Viet and Nam
Le cinéma vietnamien semble s'installer durablement dans le paysage du cinéma d'auteur : après L'arbre aux papillons d'or l'année dernière (caméra d'or), ce fut en ce mois de mai au tour de Viet and Nam de charmer Cannes.
Ce troisième film du jeune Minh Quý Trương (34 ans), formé au Fresnoy, est étonnant de maîtrise, dans un genre qui m'a irrésistiblement rappelé le cinéma atmosphérique d'Apitchatpong Weerasathekul : même onirisme vaporeux, même précision dans les cadrages, même capacité à faire surgir le fantastique des paysages et la poésie de la vie quotidienne, et aussi parfois ... même propension à nous endormir légèrement.
L'histoire oscille de façon continue entre l'histoire d'amour, montrée de façon très crue, unissant deux jeunes hommes (Viet et Nam) qui travaillent dans une mine de charbon, et la quête de la tombe du père de Nam.
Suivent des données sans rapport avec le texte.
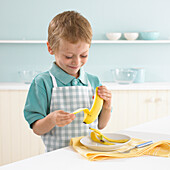Boy peeling a banana in kitchen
Ces deux trames narratives permettent au réalisateur d'aborder nombre de problématiques importantes, dont deux principales : les stigmates de la guerre et la tentation de l'exil.
Certaines visions que proposent le film sont d'une stupéfiante et intrigante beauté, je pense par exemple à cet environnement noir poudré de particules blanches qui représente la mine, au dernier plan de toute beauté, aux entraînements de traversée de rivière dans un sac plastique ou encore à cette vision incroyable de soldats figés sur le terrain de bataille, pendant qu'une voix décrit les différents types de bombes.
La temporalité du film est flottante, incertaine, et contribue à rendre le film encore plus énigmatique.
Une oeuvre un peu difficile d'accès, mais une réussite indiscutable, qui ne sera malheureusement pas montrée au Viet-Nam, où le film a été censuré.